___ Entries supplied ___

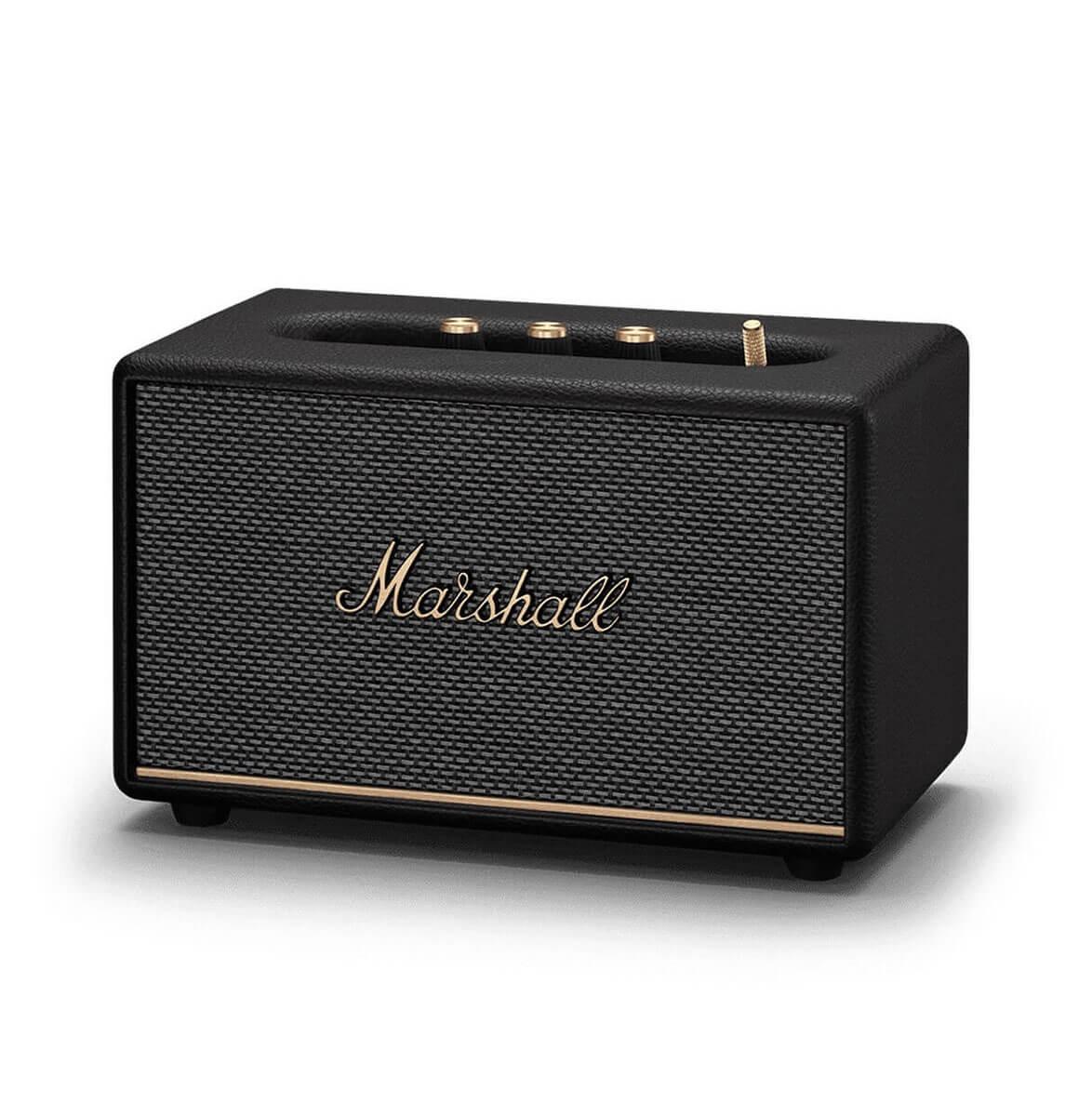 MARSHALL ACTON BT III BLACK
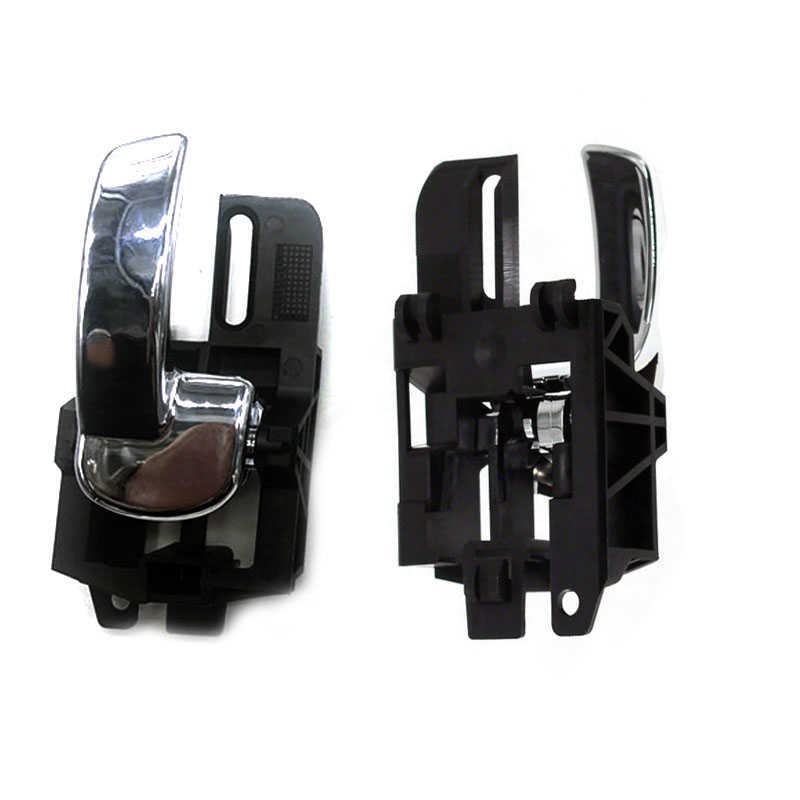 Interior Door Handle for Nissan Qashqai J10 2007 2008 2009 2010 2011 2012 2013 Left Right Front Rear 80670JD00E / 80671JD00E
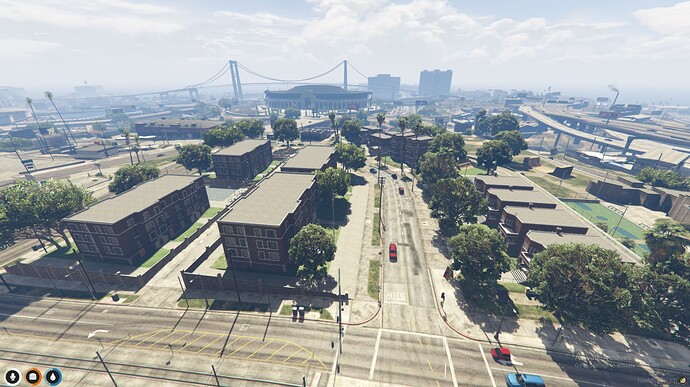 [Release] [MAP] Chicago Hood V2 Map thumbnail 8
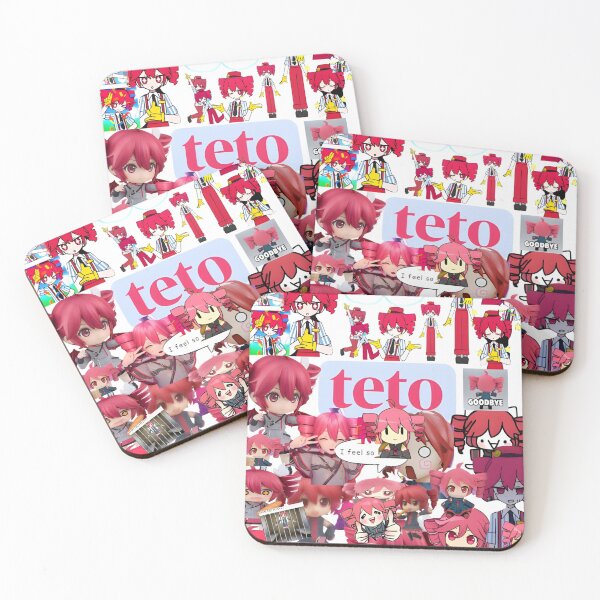 Item preview, Kasane tetooo designed and sold by RadiantGraphics.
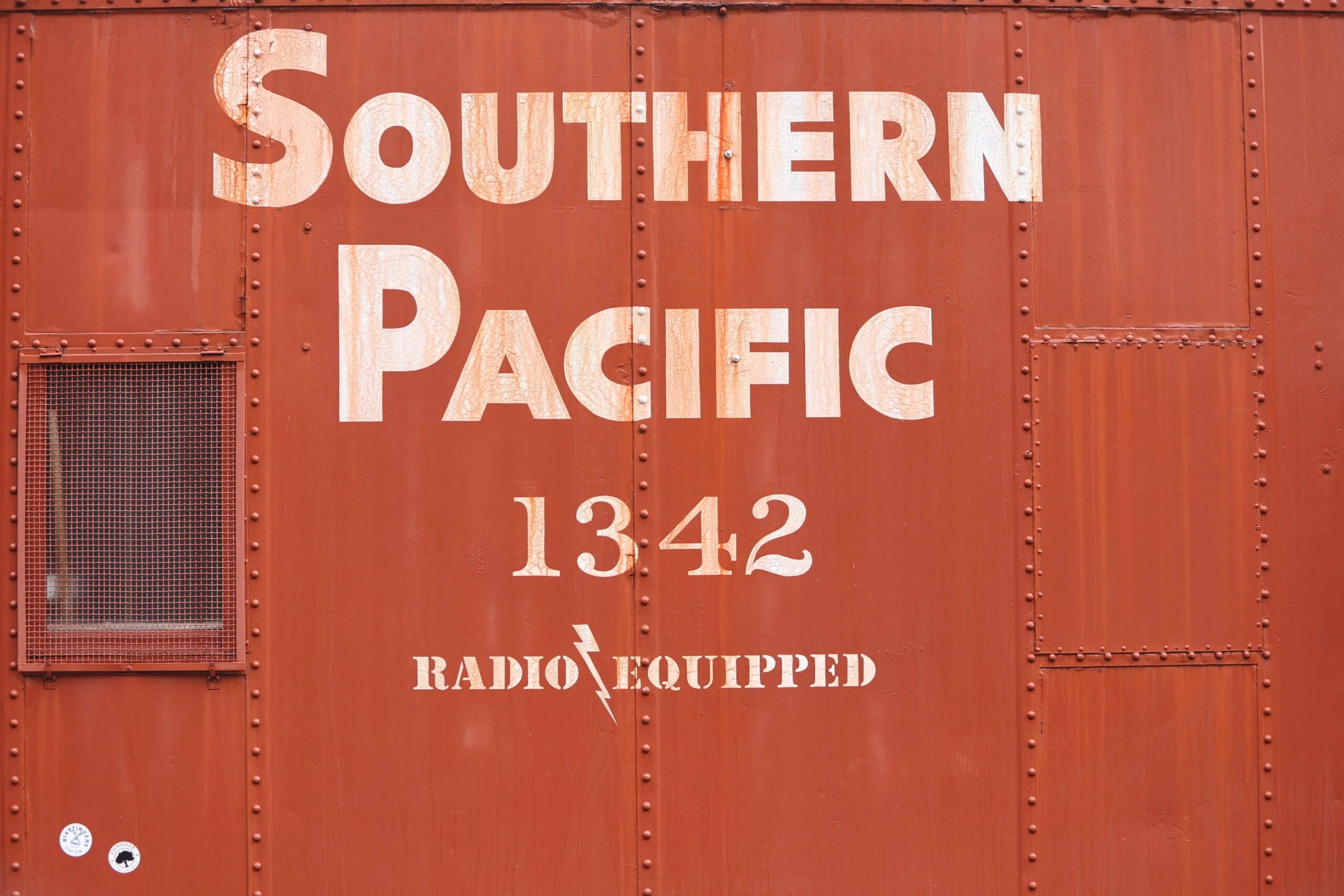 Southern Pacific 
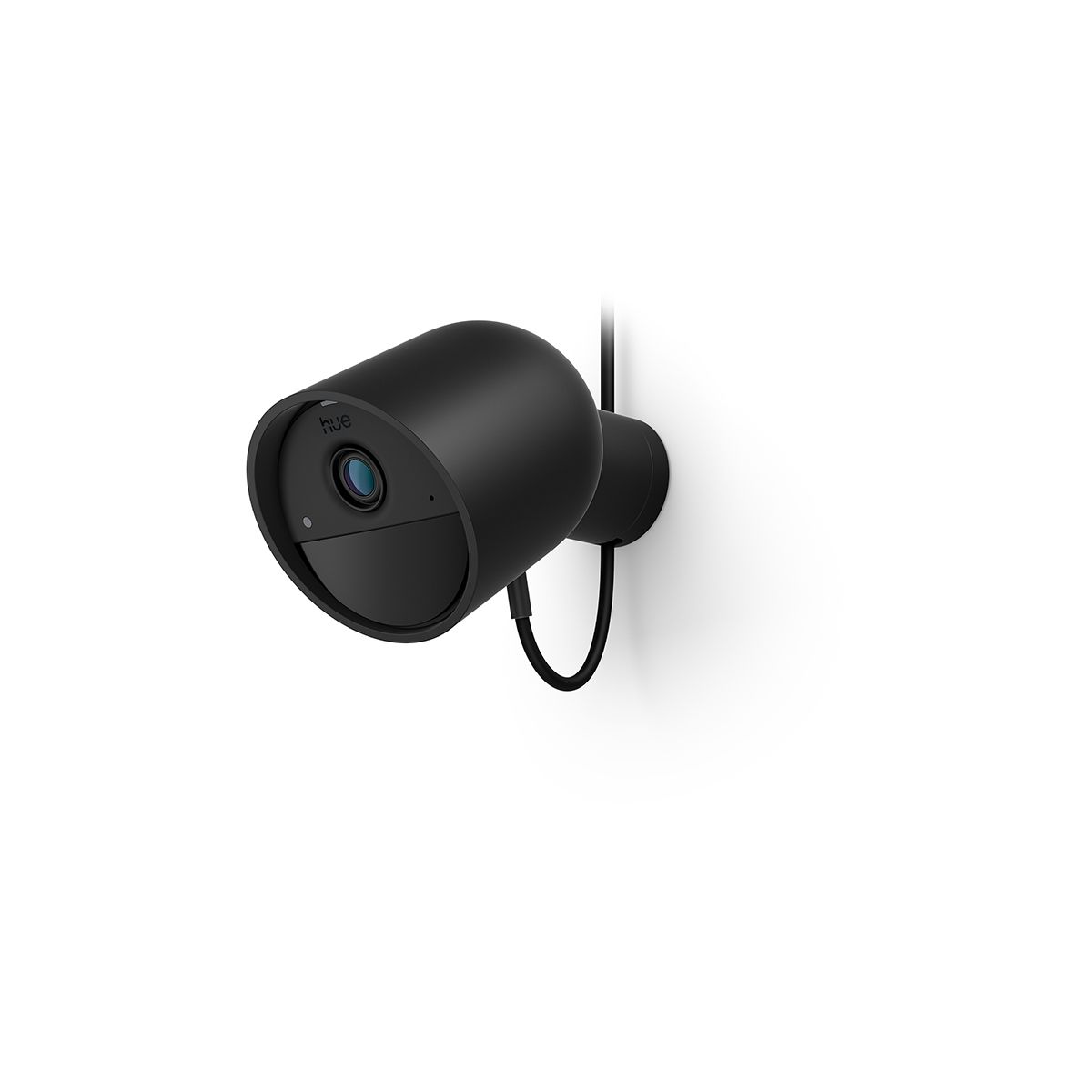 Philips Hue Secure, caméras, capteurs, projecteurs connectés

___

> [Exercise] Each entry above should come back word for word, and no picture should come with it.

> [Response to the task]
 MARSHALL ACTON BT III BLACK
 Interior Door Handle for Nissan Qashqai J10 2007 2008 2009 2010 2011 2012 2013 Left Right Front Rear 80670JD00E / 80671JD00E
 [Release] [MAP] Chicago Hood V2 Map thumbnail 8
 Item preview, Kasane tetooo designed and sold by RadiantGraphics.
 Southern Pacific 
 Philips Hue Secure, caméras, capteurs, projecteurs connectés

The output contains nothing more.